España consiguió el jueves subastar bonos a mediano plazo por un total de 3.000 millones de euros (3.800 millones de dólares), la primera venta pública de deuda desde que los líderes de la Unión Europea acordaron la semana pasada aplicar nuevas medidas para ayudar a los países con problemas financieros.

Hubo buena demanda, lo cual ayudó al Tesoro a obtener el objetivo fijado de entre 2.000 y 3.000 millones de euros en la subasta de bonos a pagar en tres, cuatro y 10 años.

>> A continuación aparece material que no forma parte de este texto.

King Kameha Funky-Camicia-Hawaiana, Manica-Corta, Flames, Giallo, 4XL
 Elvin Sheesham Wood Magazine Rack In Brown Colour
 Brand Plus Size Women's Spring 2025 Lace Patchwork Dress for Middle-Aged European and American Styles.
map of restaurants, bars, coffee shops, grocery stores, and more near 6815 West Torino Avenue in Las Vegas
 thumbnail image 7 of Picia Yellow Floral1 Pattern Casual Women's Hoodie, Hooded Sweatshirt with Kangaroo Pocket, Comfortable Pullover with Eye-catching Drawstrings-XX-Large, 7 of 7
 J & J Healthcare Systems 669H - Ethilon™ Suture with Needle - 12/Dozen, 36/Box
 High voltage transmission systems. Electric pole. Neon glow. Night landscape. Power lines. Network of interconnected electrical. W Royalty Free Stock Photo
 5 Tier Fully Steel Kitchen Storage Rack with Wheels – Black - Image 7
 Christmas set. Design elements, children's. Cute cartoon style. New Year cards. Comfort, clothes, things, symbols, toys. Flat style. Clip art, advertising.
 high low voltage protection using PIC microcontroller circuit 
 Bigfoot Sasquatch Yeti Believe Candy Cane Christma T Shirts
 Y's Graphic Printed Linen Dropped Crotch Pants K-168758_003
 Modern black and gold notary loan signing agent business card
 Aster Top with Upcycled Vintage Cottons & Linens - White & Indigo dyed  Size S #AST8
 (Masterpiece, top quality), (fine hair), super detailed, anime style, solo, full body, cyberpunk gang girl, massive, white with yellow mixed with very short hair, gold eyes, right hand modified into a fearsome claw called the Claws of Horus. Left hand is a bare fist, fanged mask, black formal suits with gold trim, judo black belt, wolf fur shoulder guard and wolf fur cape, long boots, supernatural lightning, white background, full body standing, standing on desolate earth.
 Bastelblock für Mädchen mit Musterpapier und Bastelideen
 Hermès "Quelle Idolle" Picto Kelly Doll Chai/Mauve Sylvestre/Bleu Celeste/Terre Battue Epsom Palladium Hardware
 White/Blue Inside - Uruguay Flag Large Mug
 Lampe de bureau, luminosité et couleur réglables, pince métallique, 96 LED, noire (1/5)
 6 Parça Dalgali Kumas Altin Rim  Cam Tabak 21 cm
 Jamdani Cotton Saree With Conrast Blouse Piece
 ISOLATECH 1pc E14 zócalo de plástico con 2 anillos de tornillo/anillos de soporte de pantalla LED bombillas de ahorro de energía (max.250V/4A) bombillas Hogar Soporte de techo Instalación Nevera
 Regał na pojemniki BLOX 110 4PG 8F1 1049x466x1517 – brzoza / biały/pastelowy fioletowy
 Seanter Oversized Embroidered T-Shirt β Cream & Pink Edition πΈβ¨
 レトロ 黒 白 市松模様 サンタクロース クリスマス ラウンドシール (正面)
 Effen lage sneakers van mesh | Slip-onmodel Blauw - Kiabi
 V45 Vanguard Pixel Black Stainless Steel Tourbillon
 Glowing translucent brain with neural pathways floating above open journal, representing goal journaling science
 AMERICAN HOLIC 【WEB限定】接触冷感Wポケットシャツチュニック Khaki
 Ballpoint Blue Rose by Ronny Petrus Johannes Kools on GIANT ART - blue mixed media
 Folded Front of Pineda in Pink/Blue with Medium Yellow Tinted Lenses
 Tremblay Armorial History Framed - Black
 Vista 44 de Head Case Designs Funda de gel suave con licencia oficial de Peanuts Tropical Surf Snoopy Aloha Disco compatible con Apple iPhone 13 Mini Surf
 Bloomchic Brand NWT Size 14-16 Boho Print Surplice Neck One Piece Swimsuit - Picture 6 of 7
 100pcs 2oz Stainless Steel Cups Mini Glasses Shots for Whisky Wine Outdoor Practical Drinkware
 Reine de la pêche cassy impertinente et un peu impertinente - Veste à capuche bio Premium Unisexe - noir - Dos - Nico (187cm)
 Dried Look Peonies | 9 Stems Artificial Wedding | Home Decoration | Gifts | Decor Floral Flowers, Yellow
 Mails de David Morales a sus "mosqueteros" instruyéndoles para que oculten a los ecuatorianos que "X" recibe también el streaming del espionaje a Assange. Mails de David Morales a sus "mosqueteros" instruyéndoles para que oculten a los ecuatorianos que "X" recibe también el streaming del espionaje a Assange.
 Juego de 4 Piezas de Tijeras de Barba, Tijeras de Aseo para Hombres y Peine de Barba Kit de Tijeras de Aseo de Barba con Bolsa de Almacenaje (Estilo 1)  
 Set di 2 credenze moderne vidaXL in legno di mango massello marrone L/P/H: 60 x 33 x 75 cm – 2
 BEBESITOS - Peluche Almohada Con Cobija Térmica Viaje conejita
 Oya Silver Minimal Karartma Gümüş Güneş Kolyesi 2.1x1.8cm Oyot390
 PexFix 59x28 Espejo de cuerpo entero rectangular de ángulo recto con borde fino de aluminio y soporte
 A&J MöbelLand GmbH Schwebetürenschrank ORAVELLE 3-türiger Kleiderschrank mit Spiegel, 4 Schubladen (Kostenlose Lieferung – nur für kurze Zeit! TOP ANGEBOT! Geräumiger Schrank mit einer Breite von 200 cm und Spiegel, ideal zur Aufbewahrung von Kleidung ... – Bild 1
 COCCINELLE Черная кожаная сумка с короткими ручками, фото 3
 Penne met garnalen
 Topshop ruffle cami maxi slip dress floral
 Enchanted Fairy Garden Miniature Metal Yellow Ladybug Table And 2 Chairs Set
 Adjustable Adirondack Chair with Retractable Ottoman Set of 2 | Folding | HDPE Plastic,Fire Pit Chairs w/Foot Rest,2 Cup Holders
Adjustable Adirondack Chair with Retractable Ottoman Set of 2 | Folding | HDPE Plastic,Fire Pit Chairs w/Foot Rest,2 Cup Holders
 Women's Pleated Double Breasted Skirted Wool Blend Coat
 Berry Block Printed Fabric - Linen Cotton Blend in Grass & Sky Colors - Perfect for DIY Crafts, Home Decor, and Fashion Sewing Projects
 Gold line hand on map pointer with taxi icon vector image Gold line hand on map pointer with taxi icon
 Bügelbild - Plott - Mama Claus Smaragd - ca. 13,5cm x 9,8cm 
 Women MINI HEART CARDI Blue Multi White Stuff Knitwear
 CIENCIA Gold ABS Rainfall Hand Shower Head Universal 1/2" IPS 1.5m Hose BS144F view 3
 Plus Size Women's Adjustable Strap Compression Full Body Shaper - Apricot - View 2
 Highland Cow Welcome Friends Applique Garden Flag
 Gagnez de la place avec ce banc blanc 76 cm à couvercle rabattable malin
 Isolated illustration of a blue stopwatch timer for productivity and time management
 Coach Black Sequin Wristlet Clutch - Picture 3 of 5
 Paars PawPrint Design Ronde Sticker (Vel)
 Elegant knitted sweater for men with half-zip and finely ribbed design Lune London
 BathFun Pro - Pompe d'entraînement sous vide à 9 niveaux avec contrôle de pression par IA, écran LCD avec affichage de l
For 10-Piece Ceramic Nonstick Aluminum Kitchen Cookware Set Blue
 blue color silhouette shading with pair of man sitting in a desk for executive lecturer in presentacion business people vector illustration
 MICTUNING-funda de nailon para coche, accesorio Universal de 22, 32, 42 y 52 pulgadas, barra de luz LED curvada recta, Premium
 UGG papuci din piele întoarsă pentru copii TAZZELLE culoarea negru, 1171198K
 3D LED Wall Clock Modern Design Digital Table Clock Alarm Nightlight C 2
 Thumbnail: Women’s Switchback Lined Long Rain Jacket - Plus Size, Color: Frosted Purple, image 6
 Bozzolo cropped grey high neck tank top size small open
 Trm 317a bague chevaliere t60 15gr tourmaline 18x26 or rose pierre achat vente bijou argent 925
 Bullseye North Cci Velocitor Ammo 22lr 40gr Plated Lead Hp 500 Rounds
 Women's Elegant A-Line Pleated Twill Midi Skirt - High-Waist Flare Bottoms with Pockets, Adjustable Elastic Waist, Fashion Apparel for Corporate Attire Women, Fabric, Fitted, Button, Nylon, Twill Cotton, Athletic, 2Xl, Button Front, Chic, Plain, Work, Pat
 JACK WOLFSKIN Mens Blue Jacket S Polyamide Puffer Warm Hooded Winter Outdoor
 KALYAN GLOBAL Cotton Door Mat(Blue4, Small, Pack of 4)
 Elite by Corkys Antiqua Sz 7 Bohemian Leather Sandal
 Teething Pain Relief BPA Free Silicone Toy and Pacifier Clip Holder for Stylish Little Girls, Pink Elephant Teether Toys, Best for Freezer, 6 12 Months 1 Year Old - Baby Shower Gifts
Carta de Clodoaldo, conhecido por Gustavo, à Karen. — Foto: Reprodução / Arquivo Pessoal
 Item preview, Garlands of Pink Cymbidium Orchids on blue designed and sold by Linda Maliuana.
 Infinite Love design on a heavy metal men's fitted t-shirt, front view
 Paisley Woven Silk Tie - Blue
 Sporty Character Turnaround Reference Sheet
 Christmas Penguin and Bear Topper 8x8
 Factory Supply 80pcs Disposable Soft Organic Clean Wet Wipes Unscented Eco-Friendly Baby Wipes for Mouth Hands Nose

Pero los inversionistas cobraron un precio: la tasa de interés en la venta de 747 millones de euros en los bonos de referencia a 10 años subió a 6,43%, desde 6,04% en la última subasta de este tipo el 7 de junio. Fue la más elevada desde noviembre del año pasado.

Sin embargo, la tasa en los bonos a tres años cayó del 5,5% al 5,1%, mientras que la de los bonos a cuatro años fue de 5,54%, un incremento en comparación con el 5,36% el 7 de junio.

La cumbre europea de la semana pasada fue percibida como una victoria para España e Italia porque los líderes del euro acordaron permitir que el fondo permanente de rescates recapitalice directamente a los bancos en problemas, en lugar de hacerlo a través de los gobiernos, lo que aumentaría las cargas de deuda de éstos.

En el mercado secundario, los bonos españoles a 10 años se cotizaban en 6,49%, un incremento de 16 puntos base en el día.